Dev Ross is an American screenwriter, children's book author, performer, director, and producer in theater, film, and television industries.

Writing credits
Ross is a writer in print, animation, and theater, for several media content providers including Disney, ABC, Fox Kids, Universal Cartoon Studios, Cartoon Network, TLC, The Discovery Channel, Nickelodeon, Mattel, the Web, and PBS. Ross worked as story analyst for film production companies and then became a staff writer at Disney Studios in 1991, where she also served as a voice director and "story doctor". During 2007, Ross worked for the Samsung Corporation in South Korea teaching university courses in digital screenwriting at both the graduate and undergraduate levels.

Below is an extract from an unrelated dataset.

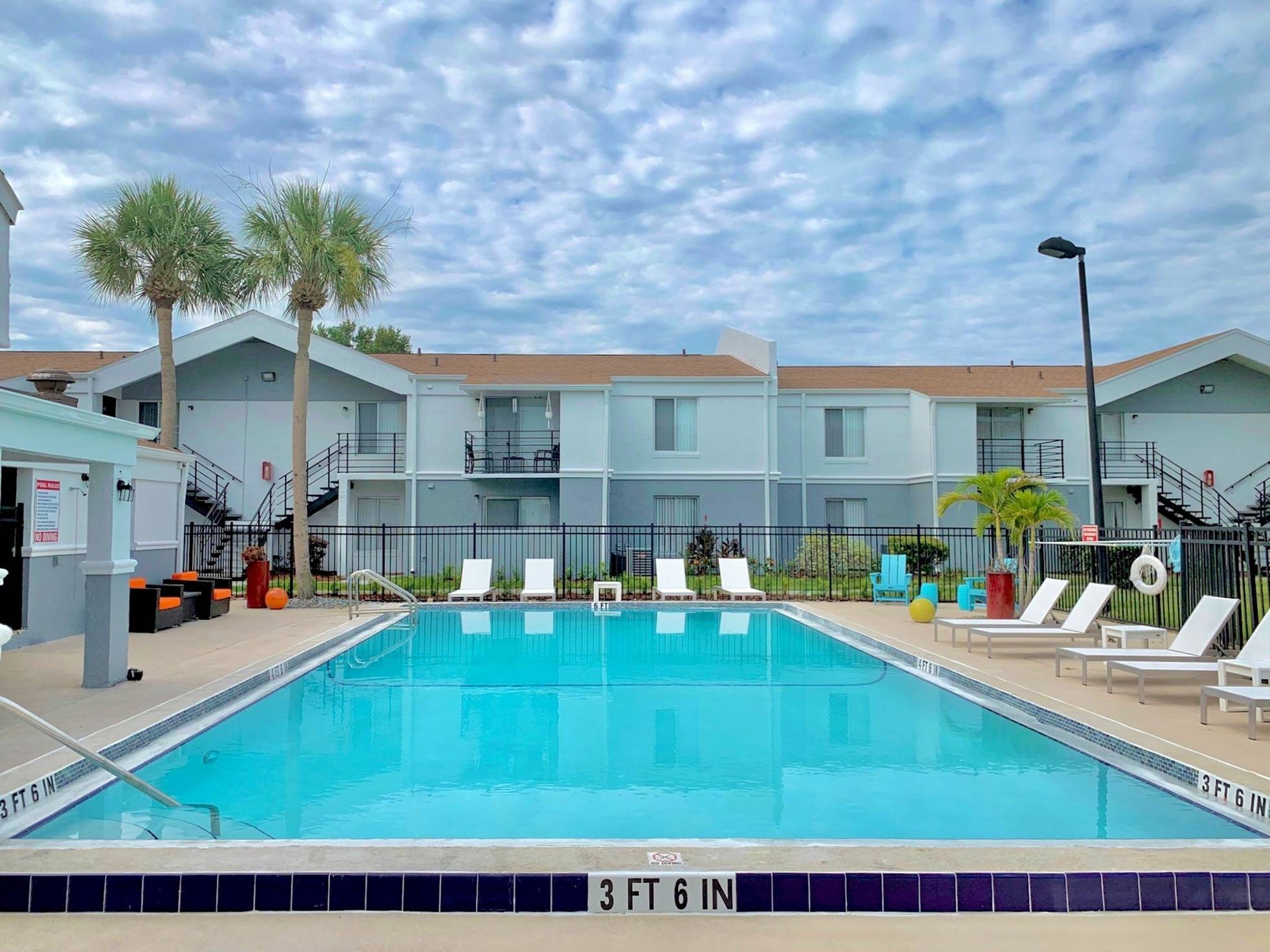 Tropical Pool & Sundeck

Ross wrote for several popular shows during the 1990s. These included Darkwing Duck, Jakers! The Adventures of Piggley Winks, Winnie the Pooh and Chip 'n Dale: Rescue Rangers, Return of Jafar, Monster High, Animated Classic Showcase, Clifford the Big Red Dog, Clifford's Puppy Days, and the Adventures from the Book of Virtues. She helped bring movie characters to television with Aladdin and The Little Mermaid.

Children's books
Ross wrote a number of children's books for the popular "We Both Read" series.

Television and animation awards

Straight to video releases
Return of Jafar
Balto II: Wolf Quest
The Land Before Time II: The Great Valley Adventure
The Land Before Time III: The Time of the Great Giving
The Land Before Time IV: Journey Through the Mists
The Land Before Time IX: Journey to Big Water

Performing arts
Before turning to animation, Ross was the Artistic Director of the "Twelfth Night Repertory Company", a tri-city educational theatre and three time Emmy award winning television troupe from 1980-1982 where she was a writer, director, and performer. Ross wrote and directed more than 70 plays for TNRC and Educational Theater Company, before leaving the schools. She even created a "synthesis of movement, text and sound", for which the schools became noted.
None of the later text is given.